LA JOLLA, California, United States, Jul 20 2020 (IPS) - On June 10, 2020, Senator Ricardo Monreal, President of the Political Coordination Board of the Senate of Mexico, presented a legislative initiative to reform Article 28 of the Political Constitution of the United Mexican States, in order to cluster in a single regulator of economic competition, the Telecommunications, Broadcasting and Energy sectors.
The initiative contemplates the creation of the National Institute of Markets and Competition for Social Well-being “INMECOB” as an autonomous constitutional body with legal identity, technical, operational and management autonomy that would replace the following institutions:
The main purpose of the initiative is to contribute to the austerity policy of President López Obrador administration, with the integration of these three regulators that, although they share some general characteristics and objectives, the final goods and/or services they provide are different.
The three regulators are intended to ensure that social welfare is maximized through economic competition in each sector, for example, by ensuring free access for competitors in cases where due to the characteristics of the infrastructure they naturally tend to become monopolies (i.e. electrical networks or gas pipelines, where duplicating the infrastructure would result in a much higher cost to the final consumer).

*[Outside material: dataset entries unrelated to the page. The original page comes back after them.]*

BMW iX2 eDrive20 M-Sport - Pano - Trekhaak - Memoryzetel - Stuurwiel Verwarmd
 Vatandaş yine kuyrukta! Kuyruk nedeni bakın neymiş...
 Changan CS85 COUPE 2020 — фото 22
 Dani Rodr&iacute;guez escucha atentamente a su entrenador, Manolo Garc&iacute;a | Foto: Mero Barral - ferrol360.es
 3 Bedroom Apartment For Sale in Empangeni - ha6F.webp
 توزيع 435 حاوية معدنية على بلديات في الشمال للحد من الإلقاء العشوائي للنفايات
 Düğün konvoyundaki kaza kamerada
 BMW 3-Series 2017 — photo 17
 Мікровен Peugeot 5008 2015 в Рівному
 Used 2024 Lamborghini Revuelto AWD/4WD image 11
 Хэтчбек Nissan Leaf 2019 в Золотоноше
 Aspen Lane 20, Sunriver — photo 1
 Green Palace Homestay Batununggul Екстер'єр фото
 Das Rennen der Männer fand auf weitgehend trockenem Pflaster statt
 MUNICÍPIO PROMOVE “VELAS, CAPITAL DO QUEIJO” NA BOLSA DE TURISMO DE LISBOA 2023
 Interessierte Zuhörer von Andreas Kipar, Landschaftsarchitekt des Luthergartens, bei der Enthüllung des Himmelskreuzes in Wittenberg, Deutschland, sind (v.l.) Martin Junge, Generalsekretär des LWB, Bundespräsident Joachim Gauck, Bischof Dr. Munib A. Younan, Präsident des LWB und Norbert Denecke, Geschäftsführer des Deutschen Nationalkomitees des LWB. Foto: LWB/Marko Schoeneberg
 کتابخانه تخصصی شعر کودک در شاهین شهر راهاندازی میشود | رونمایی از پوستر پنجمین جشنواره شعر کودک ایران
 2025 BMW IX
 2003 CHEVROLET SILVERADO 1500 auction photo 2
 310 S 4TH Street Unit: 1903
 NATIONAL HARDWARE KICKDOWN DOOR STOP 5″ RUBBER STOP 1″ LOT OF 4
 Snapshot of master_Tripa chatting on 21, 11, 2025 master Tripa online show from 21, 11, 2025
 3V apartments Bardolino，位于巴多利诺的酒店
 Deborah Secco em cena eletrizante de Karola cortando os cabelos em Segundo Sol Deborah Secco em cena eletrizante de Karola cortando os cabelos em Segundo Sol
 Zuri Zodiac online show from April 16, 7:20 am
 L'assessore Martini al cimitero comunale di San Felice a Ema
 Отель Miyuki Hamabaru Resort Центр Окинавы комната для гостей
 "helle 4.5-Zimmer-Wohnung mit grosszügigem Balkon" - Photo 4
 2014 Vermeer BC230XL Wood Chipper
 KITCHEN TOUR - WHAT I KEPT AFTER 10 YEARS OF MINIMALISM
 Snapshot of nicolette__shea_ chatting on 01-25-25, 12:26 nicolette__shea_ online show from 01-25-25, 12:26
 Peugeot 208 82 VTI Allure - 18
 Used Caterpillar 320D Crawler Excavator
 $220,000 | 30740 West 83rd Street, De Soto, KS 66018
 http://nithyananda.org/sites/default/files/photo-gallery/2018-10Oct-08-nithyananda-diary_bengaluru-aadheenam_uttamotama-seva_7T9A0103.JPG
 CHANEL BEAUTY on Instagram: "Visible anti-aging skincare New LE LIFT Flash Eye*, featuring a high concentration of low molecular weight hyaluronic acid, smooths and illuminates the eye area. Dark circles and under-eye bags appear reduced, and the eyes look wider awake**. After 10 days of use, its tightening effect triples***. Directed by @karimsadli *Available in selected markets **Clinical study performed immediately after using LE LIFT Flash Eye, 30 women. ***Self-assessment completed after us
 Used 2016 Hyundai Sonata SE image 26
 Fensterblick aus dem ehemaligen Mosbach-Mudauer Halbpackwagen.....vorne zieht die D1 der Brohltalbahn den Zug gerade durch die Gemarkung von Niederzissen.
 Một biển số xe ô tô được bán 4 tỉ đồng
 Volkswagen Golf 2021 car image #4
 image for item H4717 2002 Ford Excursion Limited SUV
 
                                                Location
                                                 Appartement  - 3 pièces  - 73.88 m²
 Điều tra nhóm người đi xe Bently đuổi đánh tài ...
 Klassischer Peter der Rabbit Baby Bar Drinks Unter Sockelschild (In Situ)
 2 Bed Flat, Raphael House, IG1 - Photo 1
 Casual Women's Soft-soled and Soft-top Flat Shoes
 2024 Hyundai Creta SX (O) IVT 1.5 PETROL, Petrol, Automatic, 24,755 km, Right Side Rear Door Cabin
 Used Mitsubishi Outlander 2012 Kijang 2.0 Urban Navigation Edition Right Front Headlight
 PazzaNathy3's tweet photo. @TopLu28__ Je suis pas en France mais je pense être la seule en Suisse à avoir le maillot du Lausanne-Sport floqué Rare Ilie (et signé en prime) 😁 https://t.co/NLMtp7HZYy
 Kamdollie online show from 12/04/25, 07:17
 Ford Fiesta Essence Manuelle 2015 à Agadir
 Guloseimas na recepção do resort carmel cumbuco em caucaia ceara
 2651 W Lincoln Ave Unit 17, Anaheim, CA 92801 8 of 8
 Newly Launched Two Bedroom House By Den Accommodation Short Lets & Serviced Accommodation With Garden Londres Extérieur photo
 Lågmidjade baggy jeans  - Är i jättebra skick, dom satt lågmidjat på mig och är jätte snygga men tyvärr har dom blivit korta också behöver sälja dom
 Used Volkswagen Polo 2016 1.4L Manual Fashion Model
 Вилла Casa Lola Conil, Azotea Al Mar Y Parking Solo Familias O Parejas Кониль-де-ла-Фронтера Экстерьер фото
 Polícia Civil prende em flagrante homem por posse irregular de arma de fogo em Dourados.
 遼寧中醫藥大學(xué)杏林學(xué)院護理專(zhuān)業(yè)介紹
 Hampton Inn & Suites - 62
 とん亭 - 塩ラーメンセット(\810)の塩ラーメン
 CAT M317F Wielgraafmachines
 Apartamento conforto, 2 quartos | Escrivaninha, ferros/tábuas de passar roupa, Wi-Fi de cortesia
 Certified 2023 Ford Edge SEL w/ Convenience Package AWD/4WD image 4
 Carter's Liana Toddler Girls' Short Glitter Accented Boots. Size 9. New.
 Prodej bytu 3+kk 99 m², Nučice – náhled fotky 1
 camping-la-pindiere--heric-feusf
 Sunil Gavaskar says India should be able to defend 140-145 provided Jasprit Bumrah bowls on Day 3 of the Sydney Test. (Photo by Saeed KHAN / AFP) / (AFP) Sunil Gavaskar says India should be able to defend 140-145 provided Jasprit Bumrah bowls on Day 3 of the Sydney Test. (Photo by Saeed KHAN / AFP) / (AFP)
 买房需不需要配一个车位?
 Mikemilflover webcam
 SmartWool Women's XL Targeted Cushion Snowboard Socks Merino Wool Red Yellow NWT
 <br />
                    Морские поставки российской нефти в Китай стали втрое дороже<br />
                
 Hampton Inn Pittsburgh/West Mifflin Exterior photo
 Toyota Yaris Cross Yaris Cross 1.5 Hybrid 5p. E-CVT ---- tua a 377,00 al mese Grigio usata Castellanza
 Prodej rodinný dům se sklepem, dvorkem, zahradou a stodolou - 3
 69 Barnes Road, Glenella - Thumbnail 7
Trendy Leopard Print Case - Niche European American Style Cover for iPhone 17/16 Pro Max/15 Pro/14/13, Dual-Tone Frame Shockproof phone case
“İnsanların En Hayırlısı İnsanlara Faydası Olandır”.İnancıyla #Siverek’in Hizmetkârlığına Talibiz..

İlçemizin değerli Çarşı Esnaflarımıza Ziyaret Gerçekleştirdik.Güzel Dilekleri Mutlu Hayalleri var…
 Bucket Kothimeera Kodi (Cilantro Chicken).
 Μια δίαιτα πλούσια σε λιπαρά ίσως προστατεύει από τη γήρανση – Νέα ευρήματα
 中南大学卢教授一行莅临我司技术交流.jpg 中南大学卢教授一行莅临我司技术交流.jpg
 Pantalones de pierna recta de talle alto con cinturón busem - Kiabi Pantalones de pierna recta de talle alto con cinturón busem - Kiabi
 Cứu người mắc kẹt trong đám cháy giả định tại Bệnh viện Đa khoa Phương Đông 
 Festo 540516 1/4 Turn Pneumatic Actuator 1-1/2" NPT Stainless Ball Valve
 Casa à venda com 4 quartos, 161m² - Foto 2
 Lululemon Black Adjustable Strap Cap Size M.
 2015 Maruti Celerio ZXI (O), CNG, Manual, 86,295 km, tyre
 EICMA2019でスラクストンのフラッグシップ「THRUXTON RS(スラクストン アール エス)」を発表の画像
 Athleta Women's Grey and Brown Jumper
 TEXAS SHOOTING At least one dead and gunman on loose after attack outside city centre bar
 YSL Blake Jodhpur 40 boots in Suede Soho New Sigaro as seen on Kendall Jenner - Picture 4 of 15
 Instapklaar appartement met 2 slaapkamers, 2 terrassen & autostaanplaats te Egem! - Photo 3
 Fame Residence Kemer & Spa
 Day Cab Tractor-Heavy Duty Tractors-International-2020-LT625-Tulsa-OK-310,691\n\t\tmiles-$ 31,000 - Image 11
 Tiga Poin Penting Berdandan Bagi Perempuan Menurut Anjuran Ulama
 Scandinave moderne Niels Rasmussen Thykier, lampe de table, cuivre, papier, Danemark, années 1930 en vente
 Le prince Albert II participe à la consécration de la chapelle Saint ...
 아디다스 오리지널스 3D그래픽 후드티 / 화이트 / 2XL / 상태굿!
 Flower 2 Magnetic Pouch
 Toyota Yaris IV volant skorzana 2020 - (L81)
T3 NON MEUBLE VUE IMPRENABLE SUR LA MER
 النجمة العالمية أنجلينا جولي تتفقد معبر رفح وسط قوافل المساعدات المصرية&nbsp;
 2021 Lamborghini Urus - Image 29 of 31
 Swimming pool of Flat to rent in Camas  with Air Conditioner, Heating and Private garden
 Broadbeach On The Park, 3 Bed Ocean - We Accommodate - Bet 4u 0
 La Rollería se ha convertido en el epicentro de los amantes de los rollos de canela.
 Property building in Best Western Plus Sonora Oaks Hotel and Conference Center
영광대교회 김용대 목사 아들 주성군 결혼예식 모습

Although the legal framework of the three regulators, in terms of competition, is the same, each institution applies a different set of processes, which can result in different evaluation standards that could penalize or benefit individuals simply due to the interpretation and organizational culture of each entity in question.
Likewise, administrative management in terms of procurement of goods and services, material and equipment, social communication, among other functions, could be optimized by integrating them into a single institution.
The initiative estimates that from the merger of the three institutions, savings of 500 million pesos per year (22 million dollars) could be obtained, as a result of the reduction in the workforce and operating budget of both COFECE and IFT, where 79.6% is represented by cutting out 440 positions (1 in 5 employees) and the rest would come from general services or operating expenses.
The initiative also argues that in addition to the financial benefit, there will be a lower risk in the capture of the regulator by the private sector, as the relative importance of a certain sector would be reduced within the activities of the regulatory body.
Considering that Senator Monreal’s project cites the National Commission of Markets and Competition of Spain as a precedent for consolidating competition authorities and sector regulators in a single body, we analyzed in detail this particular case and its potential application to the Mexican case.
The role of the National Commission of Markets and Competition in Spain
According to its own internet portal, the recently created (2013) National Commission of Markets and Competition (CNMC) aims to guarantee, preserve and promote the proper functioning and transparency of markets, ensuring the existence of effective competition and defending the interests of consumers and companies.
It is a public body with its own legal personality under parliamentary control, which guarantees its independence from the government and legal certainty.
The CNMC is the result of merging the former National Competition Commission (CNC) created in 2007 with sector regulators – the National Energy Commission (CNE), the Telecommunications Market Commission (CMT), the Committee of Railway Regulation (CRF), the State Council for Audiovisual Media (CEMA), the National Commission of the Postal Sector (CNSP) and finally the Airport Economic Regulation Commission (CREA).
The functions of the National Competition Commission (CNC) were essentially three, a) the prosecution of anticompetitive behaviors such as collusive behaviors and abuses of dominant positions, b) the control of operations with economic concentration (prior control of mergers or acquisitions), and c) the promotion of competition in those concentrated markets through liberalization or a greater opening.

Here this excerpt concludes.